Most natural gas in the United States is used to power turbines that generate electricity. Industries use natural gas for heating and as a raw material to make fertilizers, chemicals and hydrogen. Residences — which use natural gas to heat homes and water, as well as for cooking — are the next largest consumer segment.
Natural gas futures contracts are actively traded. If you’re looking to trade natural gas, follow this guide and learn how to buy natural gas futures.
Here’s a basic overview of how to get started
Contract Specifications
Below are the specifications for a natural gas futures contract.
Exchange: Chicago Mercantile Exchange (CME) or the Intercontinental Exchange (ICE).
Ticker symbol: The base symbol for natural gas is NG. The symbol for a specific contract includes the month and year. For example, the March 2022 contract would be NGH22, where H is the code for March.
Contract: Natural gas is measured in cubic feet, which is the amount of gas needed to fill one cubic foot of volume under specific temperature and pressure conditions. Larger amounts of natural gas are measured in therms, which equals 100 cubic feet. One MCF is equal to 1,000 cubic feet. Typically, 1 therm is equivalent to 100,000 British Thermal Units (BTUs). Each contract holds 10,000 MMBTU.

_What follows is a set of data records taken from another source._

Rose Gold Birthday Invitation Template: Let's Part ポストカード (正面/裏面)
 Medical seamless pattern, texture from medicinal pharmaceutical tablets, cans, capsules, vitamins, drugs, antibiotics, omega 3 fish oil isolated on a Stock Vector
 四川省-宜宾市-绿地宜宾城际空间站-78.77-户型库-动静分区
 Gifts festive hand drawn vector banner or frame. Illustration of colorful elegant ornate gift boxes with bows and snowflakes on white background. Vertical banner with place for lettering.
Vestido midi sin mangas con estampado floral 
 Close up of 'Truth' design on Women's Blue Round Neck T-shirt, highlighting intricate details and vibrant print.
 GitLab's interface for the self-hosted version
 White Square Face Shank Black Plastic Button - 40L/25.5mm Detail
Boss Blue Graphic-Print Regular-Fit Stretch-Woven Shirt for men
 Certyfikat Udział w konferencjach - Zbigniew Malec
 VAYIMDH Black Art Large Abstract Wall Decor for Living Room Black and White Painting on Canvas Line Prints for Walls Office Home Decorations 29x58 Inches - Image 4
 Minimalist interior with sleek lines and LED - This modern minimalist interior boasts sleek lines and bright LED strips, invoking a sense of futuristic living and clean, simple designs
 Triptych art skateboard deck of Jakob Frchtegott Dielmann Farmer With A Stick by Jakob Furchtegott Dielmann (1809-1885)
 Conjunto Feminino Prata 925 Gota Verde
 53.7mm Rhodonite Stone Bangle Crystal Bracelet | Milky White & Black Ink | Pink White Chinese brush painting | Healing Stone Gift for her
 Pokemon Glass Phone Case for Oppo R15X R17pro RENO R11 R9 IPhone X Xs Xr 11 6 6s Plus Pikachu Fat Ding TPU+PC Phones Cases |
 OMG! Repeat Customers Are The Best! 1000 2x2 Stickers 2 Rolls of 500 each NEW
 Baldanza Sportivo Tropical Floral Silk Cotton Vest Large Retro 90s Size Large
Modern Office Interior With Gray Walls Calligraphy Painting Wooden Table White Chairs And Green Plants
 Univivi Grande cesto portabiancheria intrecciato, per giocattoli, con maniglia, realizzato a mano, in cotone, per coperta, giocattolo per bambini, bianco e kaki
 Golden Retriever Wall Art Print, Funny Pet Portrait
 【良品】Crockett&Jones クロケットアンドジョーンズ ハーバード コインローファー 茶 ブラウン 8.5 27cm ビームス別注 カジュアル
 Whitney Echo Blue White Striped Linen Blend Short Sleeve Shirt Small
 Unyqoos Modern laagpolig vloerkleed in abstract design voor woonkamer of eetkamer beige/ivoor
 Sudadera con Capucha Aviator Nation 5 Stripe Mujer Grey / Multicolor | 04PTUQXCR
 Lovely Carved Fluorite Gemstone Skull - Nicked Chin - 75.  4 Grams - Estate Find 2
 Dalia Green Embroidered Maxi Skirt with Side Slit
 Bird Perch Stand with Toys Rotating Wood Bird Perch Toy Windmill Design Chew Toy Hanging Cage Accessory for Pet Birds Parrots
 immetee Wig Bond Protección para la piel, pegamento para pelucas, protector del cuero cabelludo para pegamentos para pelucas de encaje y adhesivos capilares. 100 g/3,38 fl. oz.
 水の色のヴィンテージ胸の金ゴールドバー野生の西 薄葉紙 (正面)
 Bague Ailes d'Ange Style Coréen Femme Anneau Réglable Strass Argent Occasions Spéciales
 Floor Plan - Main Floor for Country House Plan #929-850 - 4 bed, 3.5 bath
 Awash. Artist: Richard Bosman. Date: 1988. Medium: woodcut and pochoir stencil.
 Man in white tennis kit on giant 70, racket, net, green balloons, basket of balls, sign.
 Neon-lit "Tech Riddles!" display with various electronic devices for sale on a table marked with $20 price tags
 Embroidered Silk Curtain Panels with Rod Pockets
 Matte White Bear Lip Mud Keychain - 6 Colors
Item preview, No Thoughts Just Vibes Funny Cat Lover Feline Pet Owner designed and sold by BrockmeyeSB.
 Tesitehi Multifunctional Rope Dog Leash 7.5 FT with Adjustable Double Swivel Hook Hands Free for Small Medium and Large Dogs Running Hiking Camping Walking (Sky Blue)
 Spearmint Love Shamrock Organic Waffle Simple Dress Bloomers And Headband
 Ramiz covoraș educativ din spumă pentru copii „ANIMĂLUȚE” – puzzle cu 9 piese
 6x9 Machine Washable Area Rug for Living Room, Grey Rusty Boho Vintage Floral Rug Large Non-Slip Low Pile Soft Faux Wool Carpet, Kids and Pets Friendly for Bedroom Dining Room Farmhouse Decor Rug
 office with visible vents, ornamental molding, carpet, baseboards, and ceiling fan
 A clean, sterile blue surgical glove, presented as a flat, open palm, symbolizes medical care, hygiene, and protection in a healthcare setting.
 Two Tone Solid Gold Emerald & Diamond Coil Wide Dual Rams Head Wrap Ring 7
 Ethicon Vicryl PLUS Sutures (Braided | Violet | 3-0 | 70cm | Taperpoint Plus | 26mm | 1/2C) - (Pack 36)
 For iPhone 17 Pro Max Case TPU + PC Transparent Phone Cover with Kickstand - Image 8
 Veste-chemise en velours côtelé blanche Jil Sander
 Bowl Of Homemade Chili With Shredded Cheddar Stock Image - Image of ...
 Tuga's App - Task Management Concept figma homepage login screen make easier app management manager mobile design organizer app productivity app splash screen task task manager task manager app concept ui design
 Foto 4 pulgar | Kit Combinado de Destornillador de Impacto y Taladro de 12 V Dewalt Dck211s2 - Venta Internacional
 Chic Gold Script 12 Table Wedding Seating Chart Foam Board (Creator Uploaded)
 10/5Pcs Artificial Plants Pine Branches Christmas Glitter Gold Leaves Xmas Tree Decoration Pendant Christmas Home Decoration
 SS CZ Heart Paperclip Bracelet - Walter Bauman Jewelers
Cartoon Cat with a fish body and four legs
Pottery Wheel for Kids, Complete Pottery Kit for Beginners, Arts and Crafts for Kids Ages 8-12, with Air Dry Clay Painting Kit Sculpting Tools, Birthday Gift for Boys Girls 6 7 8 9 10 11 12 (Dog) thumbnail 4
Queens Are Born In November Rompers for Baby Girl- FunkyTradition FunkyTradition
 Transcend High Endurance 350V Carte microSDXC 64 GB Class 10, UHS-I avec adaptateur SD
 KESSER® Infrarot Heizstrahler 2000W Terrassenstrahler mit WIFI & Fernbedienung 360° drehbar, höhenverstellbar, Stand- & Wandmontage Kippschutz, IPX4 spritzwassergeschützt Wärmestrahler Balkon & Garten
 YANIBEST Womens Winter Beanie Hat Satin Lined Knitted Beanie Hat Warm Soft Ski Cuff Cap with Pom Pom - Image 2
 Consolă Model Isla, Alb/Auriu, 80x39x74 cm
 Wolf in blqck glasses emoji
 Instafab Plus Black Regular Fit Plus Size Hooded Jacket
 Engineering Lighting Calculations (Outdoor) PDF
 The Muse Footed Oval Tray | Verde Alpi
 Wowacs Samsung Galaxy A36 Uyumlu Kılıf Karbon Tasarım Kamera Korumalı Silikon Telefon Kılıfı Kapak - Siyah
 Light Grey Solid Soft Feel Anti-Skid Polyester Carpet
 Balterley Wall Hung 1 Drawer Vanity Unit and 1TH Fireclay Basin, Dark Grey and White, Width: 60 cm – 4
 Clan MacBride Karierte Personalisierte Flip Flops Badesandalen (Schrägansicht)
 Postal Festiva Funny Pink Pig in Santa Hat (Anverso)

Minimum tick value: The tick value of a natural gas contract is $10. Since natural gas prices fluctuate in increments of $0.001, 10,000 MMBTUs multiplied by $0.001 equals $10.
Trading months: Natural gas futures have contracts for every month of the year.
Trading hours: Natural gas trading is available 24 hours a day, Sunday through Friday.
Natural Gas Trading Basics
These are the fundamentals to consider when forming your strategy for buying natural gas futures contracts.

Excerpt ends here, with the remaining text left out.